"When in doubt, add tourbillon." This might have been the mantra for many high-end watch brands since the dawn of the new millennium, and while the tourbillon trend is tired, it is far from being dead... a point proven by the latest pre-SIHH release coming in the shape of the new Jaeger-LeCoultre Geophysic Tourbillon Universal Time.
It was back in 2014 that we went hands-on with the first pieces from the re-launched Geophysic collection, a line of watches based on one of the numerous "sleeping beauties" (i.e., one of many discontinued vintage watch collections) of Jaeger-LeCoultre. Originally produced for a short time in 1958 and revived in 2014, the Geophysic has received a lot of love from the brand as we saw this vintage-inspired, classical-looking, elegant collection expand. The latest addition to it is called the Jaeger-LeCoultre Geophysic Tourbillon Universal Time and it is based on the Geophysic Universal Time that you can read more about in our hands-on here.
This new Geophysic world timer is the first world time watch with a flying tourbillon (who knew there still were permutations of complications not yet exhausted by Swiss brands already?) and the third ever from Jaeger-LeCoultre to feature the manufacture's Gyrolab balance-equipped tourbillon. Just like the Geophysics from the last few years, this piece also has some cool details hidden underneath its heavy platinum dress.
It's a tough choice whether to start with the technical or the aesthetic details, but when we let our hearts decide... it'll have to be the Gyrolab balance. I mean it has "gyro" and "lab" in its name, and that's as nerdy as any major Swiss brand could possibly get!
The Gyrolab balance was developed for and debuted in the Jaeger-LeCoultre Master Compressor Extreme LAB from 2007 (it is here where we'll note that many of us in team aBlogtoWatch would love to see more pieces from this bold and high-tech range of Jaeger-Lecoultre watches). This meant a strong start, but we were soon let down by the apparent omission of this JLC-logo-inspired new balance from pretty much all JLC watches made thereafter – mind you, though, the mind-alteringly awesome Reverso Gyrotourbillon (hands-on here) of 2016 also had it.

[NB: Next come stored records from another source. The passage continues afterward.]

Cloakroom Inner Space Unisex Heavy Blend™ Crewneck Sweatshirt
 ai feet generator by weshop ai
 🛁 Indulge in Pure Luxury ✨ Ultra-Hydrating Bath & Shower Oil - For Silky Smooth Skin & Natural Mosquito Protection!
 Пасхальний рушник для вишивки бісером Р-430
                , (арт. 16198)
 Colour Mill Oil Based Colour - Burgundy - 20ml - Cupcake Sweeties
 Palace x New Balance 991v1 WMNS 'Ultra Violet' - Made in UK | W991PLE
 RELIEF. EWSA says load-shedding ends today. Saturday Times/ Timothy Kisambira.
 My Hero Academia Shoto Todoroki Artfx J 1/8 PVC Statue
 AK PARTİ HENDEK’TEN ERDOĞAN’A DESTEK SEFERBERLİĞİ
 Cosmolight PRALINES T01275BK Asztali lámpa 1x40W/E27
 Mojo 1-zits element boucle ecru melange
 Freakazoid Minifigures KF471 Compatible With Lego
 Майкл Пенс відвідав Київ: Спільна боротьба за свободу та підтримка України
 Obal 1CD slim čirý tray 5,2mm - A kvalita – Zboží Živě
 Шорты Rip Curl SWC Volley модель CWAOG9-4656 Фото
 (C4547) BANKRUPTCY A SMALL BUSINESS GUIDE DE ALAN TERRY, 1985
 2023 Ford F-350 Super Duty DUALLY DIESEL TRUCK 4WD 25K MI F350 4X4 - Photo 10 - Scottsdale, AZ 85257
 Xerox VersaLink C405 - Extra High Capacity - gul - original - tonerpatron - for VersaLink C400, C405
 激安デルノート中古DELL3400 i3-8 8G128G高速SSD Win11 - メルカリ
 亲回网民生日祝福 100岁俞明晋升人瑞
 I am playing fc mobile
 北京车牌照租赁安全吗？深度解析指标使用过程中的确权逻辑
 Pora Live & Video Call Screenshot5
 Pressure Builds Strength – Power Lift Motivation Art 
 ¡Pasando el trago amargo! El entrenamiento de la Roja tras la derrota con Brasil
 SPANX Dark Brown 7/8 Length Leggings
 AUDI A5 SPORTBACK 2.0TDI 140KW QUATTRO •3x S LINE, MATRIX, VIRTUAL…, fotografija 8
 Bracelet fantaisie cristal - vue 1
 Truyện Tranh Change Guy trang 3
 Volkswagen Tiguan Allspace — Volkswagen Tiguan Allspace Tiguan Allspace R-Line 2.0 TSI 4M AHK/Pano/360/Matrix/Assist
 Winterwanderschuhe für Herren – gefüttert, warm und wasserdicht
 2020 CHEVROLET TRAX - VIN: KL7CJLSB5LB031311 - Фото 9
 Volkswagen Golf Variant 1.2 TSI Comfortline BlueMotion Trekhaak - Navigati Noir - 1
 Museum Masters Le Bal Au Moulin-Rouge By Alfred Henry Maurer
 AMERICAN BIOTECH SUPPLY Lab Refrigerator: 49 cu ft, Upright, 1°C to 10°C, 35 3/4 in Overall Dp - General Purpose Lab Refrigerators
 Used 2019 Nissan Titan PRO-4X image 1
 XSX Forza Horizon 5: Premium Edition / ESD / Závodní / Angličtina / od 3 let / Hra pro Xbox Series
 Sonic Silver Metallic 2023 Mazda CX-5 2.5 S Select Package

So, the Gyrolab disappeared as quickly as it came and remained tucked away safely in the manufacture all the way until 2015, when the production-made Geophysic True Second and Universal Time finally received this "new" feature.
You will not be surprised, then, to learn that the Jaeger-LeCoultre Geophysic Tourbillon Universal Time also comes equipped not with a traditional balance wheel, but with a Gyrolab one. Designed to reduce air friction by cutting back considerably on the piece's surface area, this iridium-platinum alloy double fork is now very prominently displayed on the dial-side of the watch.
Encapsulated by a lightweight, three-spoke tourbillon bridge on top, the whole tourbillon assembly remains completely exposed from the top thanks to the "flying tourbillon" configuration, where the whole thing is supported only from below. A nice and always appreciated design element is the seconds track that helps one use the cage and its one-minute cycle as a seconds hand of sorts.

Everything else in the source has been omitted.